In a move aimed at increasing the number of poorer school students remaining in education, the new policy will support over a million students and will be paid for by increasing corporation tax by less than 1.5% claims Labour.
- EMA was a cash payment introduced by the Labour Government in 2004. It was a cash payment to 16–18 year olds from lower and middle income backgrounds that provided financial support to students to help with their basic needs if they stayed in full time education.
- According to the independent Institute for Fiscal Studies report, the benefits of EMA overwhelmingly outweighed the costs.
- Their research showed that participation among 17 year-olds increased by 7% and among 16 year olds by 5%. Among girls, the IFS stated that EMA had considerably increased the number staying on at school.
- The IFS went on to say ‘the study concluded that the costs of providing EMA were likely to be exceeded in the long run by the higher wages that its recipients would go on to enjoy in future.
- In this year’s budget, the Conservative Government abolished maintenance grants for students from low and middle income families. Over half a million students will be affected, forcing them to take on more and more debt simply for seeking an education.
- The Department for Education’s own figures show that the trebling of fees has clearly impacted the number of state educated pupils going to university.
Angela Rayner, Labour’s Shadow Educations Secretary, said:
“Today's commitment to restoring both EMA and student maintenance grants shows that while the Tories continue to burden our young people with debt, the Labour Party is committed to investing in our young people. It is only by investing in education that we can ensure that all of our young people, whatever their background, are able to succeed in whatever they aspire to.

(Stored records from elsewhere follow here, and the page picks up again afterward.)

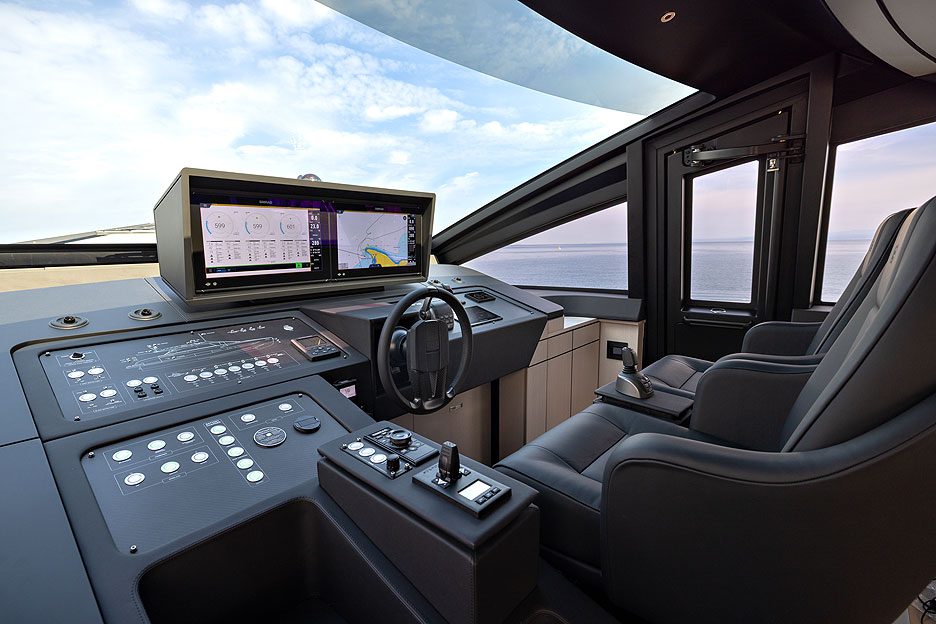 /upload/iblock/280/mPershing_GTX70_Interiors_5.jpg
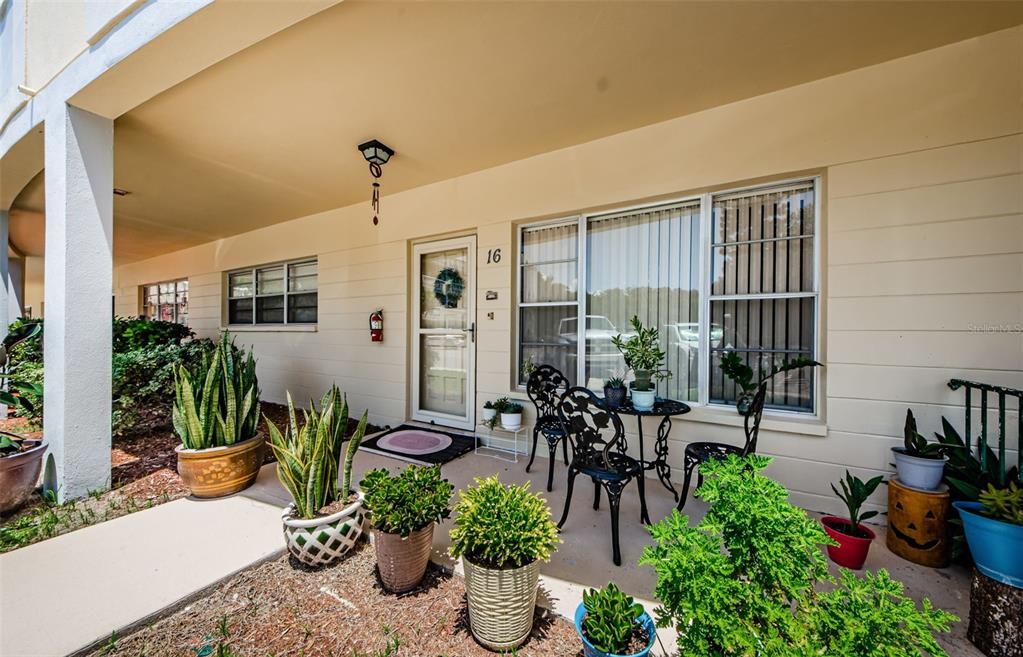 Active With Contract: $1,800 (2 beds, 2 baths, 1370 Square Feet)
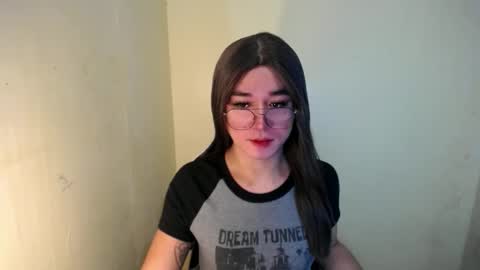 Snapshot of desirable_lorinexx chatting on February 2025 10:07:02 AM LORINE online show from February 2025 10:07:02 AM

“This policy will have a real and meaningful impact on the lives of hundreds of thousands of students.
“Bringing back EMA, which the independent Institute for Fiscal Studies said improves both participation and attainment among 16-18 year olds, would benefit three quarters of a million students.
“Reversing the Government's replacement of the student maintenance grant with loans would help over half a million students from low and middle income students to cover their living costs at university.
“When we can help improve the education of over a million young people with a small increase in corporation tax, it is an investment we would be foolish not to make."